The rationale for holding so is that converted cases are still "filed under" Chapter 7 for the purposes of § 707(b)(2) as § 348(a) provides that a converted case is considered filed under the converted chapter, only with the original chapter petition date as the filing date. Garrett Pratt et al, Harmonizing Conversion and the Means Test in Bankruptcy, 3 BUS. ENTREPRENEURSHIP & TAX L. REV. 36, 65 (2019). These courts also suggest that not requiring the means test in converted cases would create a loophole allowing debtors who would not pass the means test to file for Chapter 13 and then immediately convert to Chapter 7. Chapman, 447 B.R. at 253.
A significant minority of courts, along with most of the academic literature, has adopted or advocated for the position that the means test does not apply in converted cases. See, In re Dudley, 405 B.R. 790 (Bankr. W.D. Va. 2009); In re Fox, 370 B.R. 639 (Bankr. D. N.J., 2007); In re Ryder, No. 07-40192 EDJ, 2008 WL 3845246 (Bankr. N.D. Cal. Aug. 18, 2008); Pratt et al, 3 BUS. ENTREPRENEURSHIP & TAX L. REV. at 39.
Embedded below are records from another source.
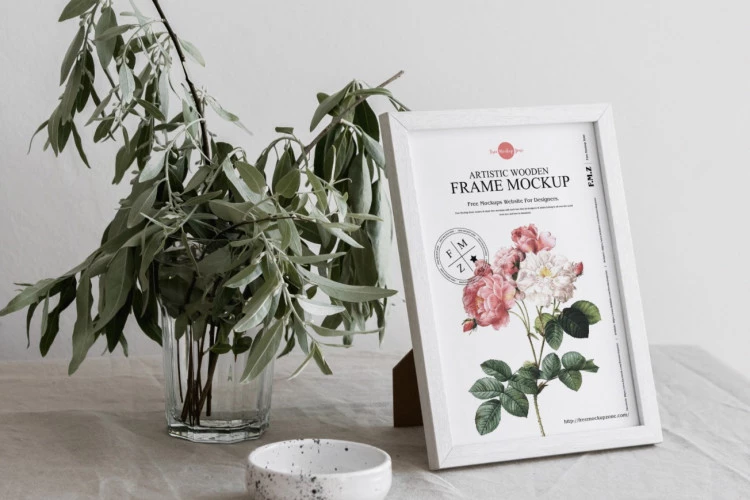 Free Wooden Frame Mockup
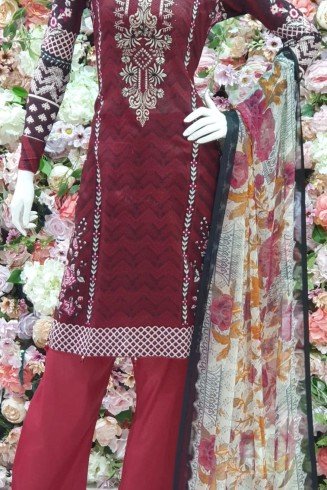 Maroon Pakistani Designer Lawn Salwar Suit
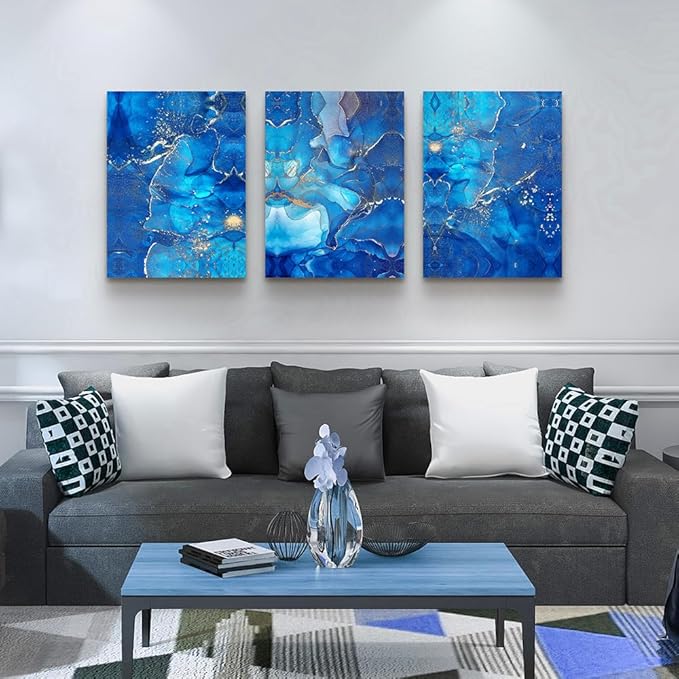 MHARTK66 Canvas Wall Art For Living Room Large Wall Decorations For Bedroom Modern Bathroom Wall Decor Painting Blue Abstract Pictures Artwork Inspirational Canvas Prints Art Home Decor 3 Pieces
These courts have held that requiring a means test would contradict the plain meaning of the statute when referring to Chapter 7 and not referencing conversion. Fox, 370 B.R. at 647. The Dudley court reasoned that, should "filed" refer to the original filing date and not Chapter 7, the following phrase "under this chapter," is rendered superfluous. Dudley, 405 B.R. at 794. Requiring the means test in converted cases also creates contradictions within other sections of the Code. For example, § 348(b) does not include § 707(b) in the list of sections where an "order for relief" applies to the conversion of the case. Fox, 370 B.R. at 647. Section 342(d) requires the clerk to file notice to creditors within ten days of when the presumption of abuse arises. Pratt et al, 3 BUS. ENTREPRENEURSHIP & TAX L. REV. at 63. If the presumption of abuse in the means test applies to the converted cases, it would be impossible for the clerk to fulfill this duty. Id.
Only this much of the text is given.